I used the second hand on the wall clock of the kitchen. Simple little app, and given kettle was in kitchen it was always near where I needed it unlike the mobile. Admittedly that then doesn't tell me hundreds of methods that others have devised for the way they like their coffee, but I only care about one method, the one that produces coffee that I like.


----------



## DrKizzle911 (Jan 3, 2016)

ok fair enough. I think it was more the recipes all being available so easily as well, but yeah paying for a glorified stopwatch is a bit much. I think I'm just super happy with my aeropress so eager to grab anything that will sustain / improve that


----------



## AndyDClements (Aug 29, 2016)

£7.99 equates to roughly 500g of reasonable beans (if purchased at the right time to get a good deal), 25g a time, so that's 20 different trial runs to perfect your desired outcome as compared to replicating the desire of another person who may have a very different preference.


----------



## AndyDClements (Aug 29, 2016)

To be fair, this is coming from the man who spent quite a bit of time yesterday contemplating making a stand for the V60 and Aeropress, you know the sort of thing, you can press down on the Aeropress, or rest the dripper on it, and have the scales beneath to weigh the coffee and water. After a few hours, I came to the conclusion that a v60 has the lip to support it on the cup's rim, ditto the Aeropress when plunging, and you cannot have scales beneath the stand when plunging the Aeropress.


----------



## MWJB (Feb 28, 2012)

AndyDClements said:


> To be fair, this is coming from the man who spent quite a bit of time yesterday contemplating making a stand for the V60 and Aeropress, you know the sort of thing, you can press down on the Aeropress, or rest the dripper on it, and have the scales beneath to weigh the coffee and water. After a few hours, I came to the conclusion that a v60 has the lip to support it on the cup's rim, ditto the Aeropress when plunging, and you cannot have scales beneath the stand when plunging the Aeropress.
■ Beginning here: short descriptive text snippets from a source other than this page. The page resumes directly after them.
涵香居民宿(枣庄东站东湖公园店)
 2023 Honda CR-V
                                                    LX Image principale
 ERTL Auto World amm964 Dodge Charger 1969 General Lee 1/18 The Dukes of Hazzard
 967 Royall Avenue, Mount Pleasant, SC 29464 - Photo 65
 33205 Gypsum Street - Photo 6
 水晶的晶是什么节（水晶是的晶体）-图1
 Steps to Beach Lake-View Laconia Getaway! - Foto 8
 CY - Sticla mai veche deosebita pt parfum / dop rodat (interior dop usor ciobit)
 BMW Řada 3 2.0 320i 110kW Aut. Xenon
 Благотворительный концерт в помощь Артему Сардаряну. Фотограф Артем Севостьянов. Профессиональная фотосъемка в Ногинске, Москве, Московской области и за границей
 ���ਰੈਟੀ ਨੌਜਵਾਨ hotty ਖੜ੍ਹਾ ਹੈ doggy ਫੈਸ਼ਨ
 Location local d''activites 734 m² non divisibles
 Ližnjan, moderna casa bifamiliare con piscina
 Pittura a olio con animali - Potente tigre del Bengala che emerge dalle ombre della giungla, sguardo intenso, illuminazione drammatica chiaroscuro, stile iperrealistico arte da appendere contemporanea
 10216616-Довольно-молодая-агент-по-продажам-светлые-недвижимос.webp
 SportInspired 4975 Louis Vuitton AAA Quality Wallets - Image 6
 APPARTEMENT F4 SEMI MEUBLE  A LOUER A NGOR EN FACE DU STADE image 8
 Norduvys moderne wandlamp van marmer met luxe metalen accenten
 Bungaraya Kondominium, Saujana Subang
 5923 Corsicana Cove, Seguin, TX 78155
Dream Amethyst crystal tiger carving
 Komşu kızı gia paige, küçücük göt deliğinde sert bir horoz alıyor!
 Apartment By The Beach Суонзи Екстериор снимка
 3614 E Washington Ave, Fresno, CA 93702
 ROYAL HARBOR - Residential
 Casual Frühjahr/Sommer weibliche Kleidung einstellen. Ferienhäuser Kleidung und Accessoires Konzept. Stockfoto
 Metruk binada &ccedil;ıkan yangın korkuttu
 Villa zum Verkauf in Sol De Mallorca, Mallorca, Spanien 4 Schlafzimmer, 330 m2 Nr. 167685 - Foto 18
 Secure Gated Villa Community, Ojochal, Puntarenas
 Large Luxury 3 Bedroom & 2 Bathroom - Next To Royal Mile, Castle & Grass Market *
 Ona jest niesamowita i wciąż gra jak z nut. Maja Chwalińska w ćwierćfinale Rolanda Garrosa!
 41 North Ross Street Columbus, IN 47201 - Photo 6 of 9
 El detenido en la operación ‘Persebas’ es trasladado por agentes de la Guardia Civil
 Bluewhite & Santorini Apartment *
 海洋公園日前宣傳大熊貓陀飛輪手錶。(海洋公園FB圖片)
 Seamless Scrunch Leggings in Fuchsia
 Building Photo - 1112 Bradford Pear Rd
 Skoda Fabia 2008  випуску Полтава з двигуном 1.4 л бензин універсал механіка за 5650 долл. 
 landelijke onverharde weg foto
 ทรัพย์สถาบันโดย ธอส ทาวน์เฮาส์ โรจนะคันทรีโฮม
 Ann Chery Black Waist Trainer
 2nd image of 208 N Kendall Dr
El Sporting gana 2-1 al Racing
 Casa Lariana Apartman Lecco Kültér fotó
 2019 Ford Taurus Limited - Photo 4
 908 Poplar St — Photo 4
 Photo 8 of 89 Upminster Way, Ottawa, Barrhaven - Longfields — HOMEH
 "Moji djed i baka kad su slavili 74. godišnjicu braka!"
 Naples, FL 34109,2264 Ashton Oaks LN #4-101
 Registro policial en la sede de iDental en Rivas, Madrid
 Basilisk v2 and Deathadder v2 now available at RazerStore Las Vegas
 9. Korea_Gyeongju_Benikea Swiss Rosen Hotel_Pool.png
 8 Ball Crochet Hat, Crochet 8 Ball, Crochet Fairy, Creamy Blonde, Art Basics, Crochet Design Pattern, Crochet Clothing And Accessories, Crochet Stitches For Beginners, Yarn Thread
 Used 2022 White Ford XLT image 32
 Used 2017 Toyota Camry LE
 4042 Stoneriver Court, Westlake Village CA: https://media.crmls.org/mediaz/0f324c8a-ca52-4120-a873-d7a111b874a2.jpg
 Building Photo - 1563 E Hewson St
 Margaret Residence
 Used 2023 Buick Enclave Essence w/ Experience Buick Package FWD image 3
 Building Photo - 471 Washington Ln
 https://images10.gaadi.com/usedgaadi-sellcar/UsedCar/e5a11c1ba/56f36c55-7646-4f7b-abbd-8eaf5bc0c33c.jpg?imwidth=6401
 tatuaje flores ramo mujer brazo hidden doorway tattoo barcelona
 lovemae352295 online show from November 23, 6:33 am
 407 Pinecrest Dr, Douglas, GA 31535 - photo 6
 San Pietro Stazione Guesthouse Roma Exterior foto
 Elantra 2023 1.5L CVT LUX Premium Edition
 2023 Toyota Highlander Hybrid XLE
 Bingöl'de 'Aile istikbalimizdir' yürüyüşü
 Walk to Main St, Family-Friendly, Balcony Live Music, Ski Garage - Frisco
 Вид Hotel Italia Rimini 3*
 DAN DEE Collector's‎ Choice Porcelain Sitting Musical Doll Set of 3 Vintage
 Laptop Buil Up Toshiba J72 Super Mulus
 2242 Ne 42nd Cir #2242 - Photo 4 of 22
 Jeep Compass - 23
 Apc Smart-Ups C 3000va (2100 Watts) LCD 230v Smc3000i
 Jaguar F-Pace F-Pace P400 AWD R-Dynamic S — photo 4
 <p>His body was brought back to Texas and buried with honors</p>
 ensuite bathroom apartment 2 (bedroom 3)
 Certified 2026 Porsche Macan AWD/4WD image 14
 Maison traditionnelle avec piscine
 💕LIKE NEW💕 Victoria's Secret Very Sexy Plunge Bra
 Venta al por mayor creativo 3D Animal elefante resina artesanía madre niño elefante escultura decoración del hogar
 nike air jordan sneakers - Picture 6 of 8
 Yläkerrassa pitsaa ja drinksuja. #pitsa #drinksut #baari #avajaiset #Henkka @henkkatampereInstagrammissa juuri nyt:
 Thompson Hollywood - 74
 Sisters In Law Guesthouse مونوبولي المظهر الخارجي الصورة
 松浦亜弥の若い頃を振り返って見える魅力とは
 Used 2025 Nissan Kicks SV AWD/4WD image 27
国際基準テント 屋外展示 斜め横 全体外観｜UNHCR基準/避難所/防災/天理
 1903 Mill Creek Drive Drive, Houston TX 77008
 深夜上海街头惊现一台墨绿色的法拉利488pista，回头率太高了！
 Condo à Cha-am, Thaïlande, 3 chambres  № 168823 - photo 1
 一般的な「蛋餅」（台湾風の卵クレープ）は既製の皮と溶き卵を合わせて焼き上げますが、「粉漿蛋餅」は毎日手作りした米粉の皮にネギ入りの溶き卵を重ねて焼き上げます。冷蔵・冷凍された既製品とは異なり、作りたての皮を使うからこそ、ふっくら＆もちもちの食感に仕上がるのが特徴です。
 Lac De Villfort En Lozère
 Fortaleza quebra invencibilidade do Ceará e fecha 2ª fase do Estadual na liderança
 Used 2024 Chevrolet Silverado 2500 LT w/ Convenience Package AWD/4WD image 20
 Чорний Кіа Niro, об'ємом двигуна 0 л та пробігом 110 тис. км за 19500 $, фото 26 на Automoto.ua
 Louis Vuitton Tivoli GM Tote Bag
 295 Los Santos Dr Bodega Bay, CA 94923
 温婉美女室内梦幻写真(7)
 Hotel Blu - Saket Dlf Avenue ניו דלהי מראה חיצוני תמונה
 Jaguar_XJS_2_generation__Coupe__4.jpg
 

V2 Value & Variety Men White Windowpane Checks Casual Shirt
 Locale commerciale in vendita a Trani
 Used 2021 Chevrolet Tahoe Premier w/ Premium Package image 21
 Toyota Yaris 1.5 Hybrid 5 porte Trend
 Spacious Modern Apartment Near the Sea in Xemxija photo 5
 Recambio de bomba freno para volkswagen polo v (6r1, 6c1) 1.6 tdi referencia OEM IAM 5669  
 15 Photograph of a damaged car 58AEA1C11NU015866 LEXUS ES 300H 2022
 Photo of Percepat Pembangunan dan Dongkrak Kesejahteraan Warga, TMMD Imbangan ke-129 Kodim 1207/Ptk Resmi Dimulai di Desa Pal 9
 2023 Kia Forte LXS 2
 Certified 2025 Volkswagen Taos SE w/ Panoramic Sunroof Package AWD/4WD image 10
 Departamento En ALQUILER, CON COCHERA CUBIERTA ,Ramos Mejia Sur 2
With the V60 the amount of beverage dripping out is as important as the amount of water you pour in (if you leave it to drip long enough then gravity takes care of the former), but with the Aeropress you only really need to worry about the amount of water you pour in (the way that most people use them).


----------



## DrKizzle911 (Jan 3, 2016)

Well I've now settled on a standard process so I all I need is my stopwatch. Thanks for helping me prioritize my money towards actual coffee! Or rather, coffeecompass thanks you


----------



## barnfather (Dec 22, 2016)

Im wondering, is the Aeropress the best method for camping coffee making???


----------



## AndyDClements (Aug 29, 2016)

That's going to depend as to what type of coffee you want and even then be subjective. It's not going to be a true espresso but if you don't want espresso/ristretto then you can have a decent coffee. Just make sure that you have a way to measure temperature if your preference of brew uses water at well below boiling point (I used to use 80degrees).


----------



## Glenn (Jun 14, 2008)

The market is already saturated with brewing apps - many of which are free.

They are a novelty and are often not used after the first week or so (based on conversations with the developers of several)


----------



## PHB1969 (Dec 26, 2016)

I've used Mister Barista on android, I'm a relative novice, but find it useful.


----------